§ 12. Mr. Squire
To ask the Secretary of State for Education and Science how many parents have written to him objecting to the establishment of a city technology college.
§ Mr. Kenneth Baker
Our records show that only 15 letters of objection have been received in nearly two and a half years to city technology colleges. Parents see the CTC programme as a great opportunity for their children. There have been over 1,200 applications for 180 places available this year at Kingshurst, the first CTC. That is what parents think of CTCs.
§ Mr. Squire
Does my right hon. Friend agree that that excellent answer give the lie to the comments that we sometimes hear from Labour Members to the effect that parents and children do not want CTCs? Will my right hon.
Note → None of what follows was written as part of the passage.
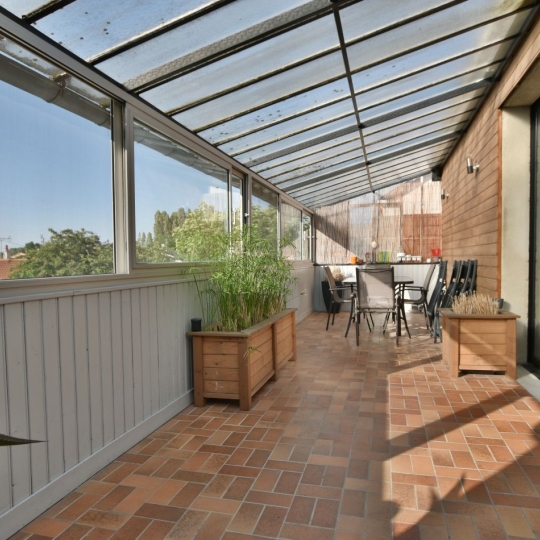  Agence Michel ROUIL : House | CHOLET (49300) | 126 m2 | 231 000 € 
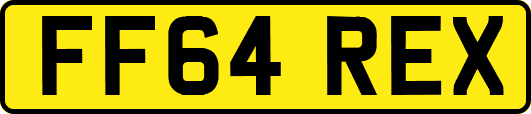 FF64REX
Friend particularly confirm that the interest is as high, if not higher, in areas where poorer standards of education and an absence of choice have been a legacy from the Labour party?
§ Mr. Baker
We are receiving applications from many areas to have CTCs—either new colleges or schools converted to CTCs. This is proving to be a very popular policy, because people recognise that these schools provide a special type of education. We want them to become beacons of excellence, copied by others. Of course, that is now happening in the Birmingham area.
§ Mr. Madden
If the Secretary of State is so confident that parents want CTCs, why is he so terrified to allow parents in Bradford a ballot to decide whether £8 million of their money should be spent on setting up a CTC, at a time when the vast majority of them see the expenditure of that amount of money as being wholly unnecessary, very divisive, and damaging to the existing schools in the city?
§ Mr. Baker
That is simply not true. It has been possible to establish a CTC in Bradford—a new one, to be built next year—only because the Conservatives now control Bradford city council. The hon. Gentleman will find that, once that school is established and has started to recruit, 13 it will be one of the most popular in Bradford, to which the children of many of his constituents will want to go. [Interruption.]
§ Mr. Holt
My right hon. Friend will know that the new Macmillan CTC in Teesside has been oversubscribed by teachers many times over, and that many of the parents of the 40 to 60 children who applied to join but have not been found places this year will want a new college in addition to the one that we already have.
§ Mr. Straw
The Secretary of State must be aware that the parents of children at the Sylvan school in Croydon, which is the subject of a proposal to turn it into a CTC, have voted overwhelmingly to keep it as a county school. Why is the Secretary of State refusing to accept the outcome of that parents' ballot?